Log a hash upon vp-setupfit of the fk tables by jekoorn · Pull Request #2476 · NNPDF/nnpdf

jekoorn · 2026-05-21T09:25:55Z

No description provided.

jekoorn · 2026-05-21T12:56:50Z

I have one question and one issue:

It is somewhat non-trivial to get the metadata from pineappl. I tried:
fk = fk_table.FkTable.read(str(fk_tablepath))
meta = fk.metadata
But somehow this gives me TypeError: object supporting the buffer API required. Do we really want the metadata to be hashes, or is the full fk table hashed ok?

Hashing the full fk table does work, but then I have no idea to access this file_content from within the run. Somehow, config_class doesn't have it? This I don't fully understand. Any ideas? I'm still getting used to working with this structuring.

scarlehoff · 2026-05-21T13:01:48Z

 # To change the configuration of the NNPDF code framework

-nnpdf_share: ~/.local/share/NNPDF
+nnpdf_share: /data/theorie/jkoorn/hep/share/NNPDF


You can have your own nnprofile.yaml in ~/.config/NNPDF/nnprofile.yaml with only some of the keys and those will overwrite the NNPDF standard profile.

scarlehoff · 2026-05-21T13:02:05Z

+    @property
+    def theories_path(self):
+        return self._theories_path
+


When you load a theory you have access to the path, you don't need that here.

scarlehoff · 2026-05-21T13:14:54Z


 SETUPFIT_FIXED_CONFIG = dict(
    actions_=['datacuts check_t0pdfset', 'theory evolven3fit_checks_action']
 )


The elegant way of doing this is creating a validphys action that takes the theory and the data and then you add them here.

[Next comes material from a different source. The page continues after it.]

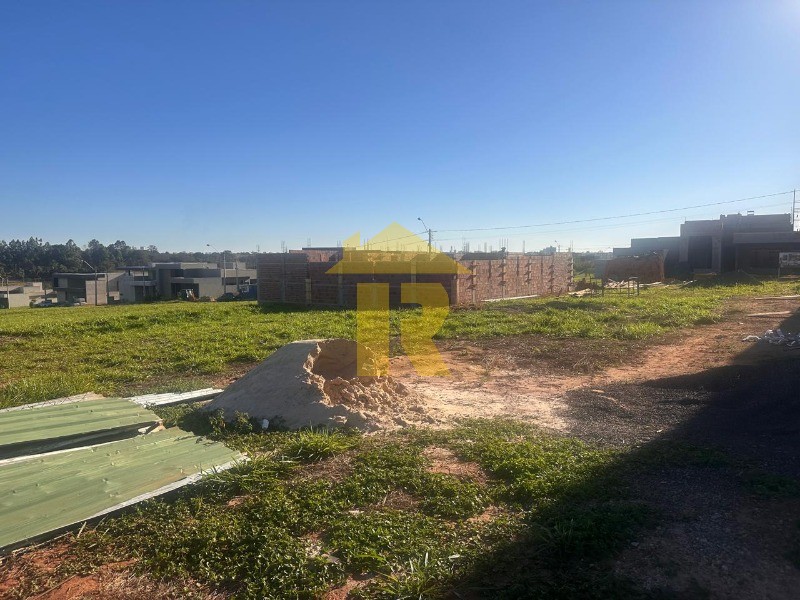 Terreno / Lote / Condomínio  à venda, 308m² — foto 6 de 24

I think it makes sense to make it part of the checks of n3fit (n3fit/checks.py) since you will be checking that you can load all the theories. For instance look at check_consistent_basis. You can have something like

def fktable_hasher(theoryid, dataset_inputs):

The variable theoryid here will already be parsed by validphys and will contain the path to the theory if you need to (theoryid.path).

But in this case, you don't even need that, because the data already contains a reference to the fktables if you let validphys do its thing:

def fktable_hasher(data): for dataset in data.datasets: fkspecs = dataset.fkspecs for fk in fkspecs: print(fk.fkpath)

You can test this with the validphys API:

from validphys.api import API dataset_inputs = [{"dataset": "ATLAS_Z0_8TEV_HIMASS_M-Y"}] # you can put as many as you want, I'm just testing with one # The API basically receives the same thing that the runcard will give and it is very useful for testing data = API.data(dataset_inputs=dataset_inputs, theoryid = 40_000_000, use_cuts="internal") for dataset in data.datasets: fkspecs = dataset.fkspecs for fk in fkspecs: print(fk.fkpath)

Note that fk.fkpath is still a tuple of paths since many fktables are separated into different bins.

I think what we want to have at the end of the day is a log file like

theory_40000000/fastkernel/ATLASDY2D8TEV-aMCfast_obs_0.pineappl.lz4 - hash from the metadata

So this means we write the hash in this n3fit/checks.py? That feels like a weird place to write it from. I don't fully understand why we would want to make it a check as opposed to something we do in vp-setupfit. I understand the argument for 'outsourcing' the work of loading the dataset names and fk table to validphys, but why in checks?

You can also create a new module, for instance under io, that contains the function that does the hash.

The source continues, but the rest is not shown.